Ein Vergleich mit der deutschen Politik fällt nicht leicht. Zwar unterhält Labour enge Beziehungen zur SPD. Auch wegen des britischen Wahlsystems, bei dem in jedem Wahlkreis nur die Kandidatin oder der Kandidat mit den meisten Stimmen gewinnt, ungeachtet des Vorsprungs, decken beide große Volksparteien jeweils ein breites Spektrum ab. So finden sich bei Labour auch Positionen, die eher der Linken, den Grünen und einige auch der FDP zuzurechnen wären.

Arsenal-Fan und ehemaliger Strafverfolgungschef

Der ehemalige Anwalt Starmer ist seit April 2020 der «Leader of His Majesty’s Most Loyal Opposition», wie der Chef der größten Oppositionspartei im britischen Unterhaus traditionell genannt wird. Übernommen hat der 61-Jährige die Sozialdemokraten von Jeremy Corbyn, der 2019 die Wahl haushoch gegen den damaligen Premier Boris Johnson verloren hatte. Von Corbyns sehr linken Positionen hat Starmer die Partei wieder in die politische Mitte geführt.

Zunächst lief es aber nicht gut. Nach einer Niederlage bei einer Nachwahl zum britischen Parlament in der nordostenglischen Labour-Hochburg Hartlepool im Mai 2021 wollte Starmer hinschmeißen, wie er jüngst zugab. Aber viele Skandale unter den konservativen Premiers Johnson und Liz Truss brachten ihm neuen Zulauf. Zuletzt übernahm Starmer auch gemäßigt-konservative Positionen - er nutzt dabei den Raum, den ihm der Rechtskurs der Tories lässt.

Der frühere Chef der Strafverfolgungsbehörde CPS gilt zwar wie auch sein Konkurrent Sunak nicht als mitreißender Redner. Aber viele Menschen schätzen an dem Vater zweier Kinder im Teenager-Alter seine Bodenständigkeit, seine Ruhe und Einfühlsamkeit. Privat ist Sir Keir, wie er sich seit einigen Jahren nennen darf, ein großer Fan des Londoner Fußball-Erstligisten Arsenal und kickt auch so oft wie möglich selbst mit Kumpels.

Unter Vorgänger Corbyn gab es Vorwürfe des Antisemitismus

Immer wieder betont Starmer, dass er Labour runderneuert habe.

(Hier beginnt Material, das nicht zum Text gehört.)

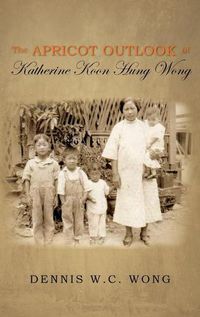 Cover image for The Apricot Outlook of Katherine Koon Hung Wong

Waren unter Corbyn antisemitische Vorwürfe gegen die Partei aufgekommen, die traditionell stark mit der Palästinenser-Bewegung sympathisiert, fährt Starmer einen klaren Kurs gegen antiisraelische Kommentare. Deutlich prangerte er den Terror der islamistischen Hamas gegen Israel an.

Allerdings gibt es immer noch Abgeordnete oder Kandidaten, die sich abfällig über Israel äußern. Anfang Februar stellte Labour in einem solchen Fall die Unterstützung für ihren eigentlichen Bewerber bei der Parlamentsnachwahl in Rochdale bei Manchester ein, obwohl kein Ersatzkandidat mehr benannt werden durfte. Kurz danach waren in einer Umfrage rund 40 Prozent der Ansicht, dass die Partei immer noch mit antijüdischen Vorurteilen zu kämpfen habe.

Labour und die EU

In Corbyns Schattenkabinett fungierte Starmer als Brexit-Sprecher seiner Partei. Im Gegensatz zum damaligen Parteichef setzte er sich für ein zweites Referendum ein, um den EU-Austritt zurückzudrehen. Mittlerweile aber hat er klargemacht, dass er keinen Rückweg in die EU sieht. Zwar will er sich der Gemeinschaft wieder annähern, und auch aus der EU sind regelmäßig solche Hoffnungen zu hören. Einen Wiedereintritt zumindest in die EU-Zollunion oder den Binnenmarkt aber lehnt Starmer bisher ab. Kommentatoren verweisen darauf, der Labour-Chef habe Angst, wichtige Wählerstimmen im traditionell EU-kritischen Norden Englands zu verlieren.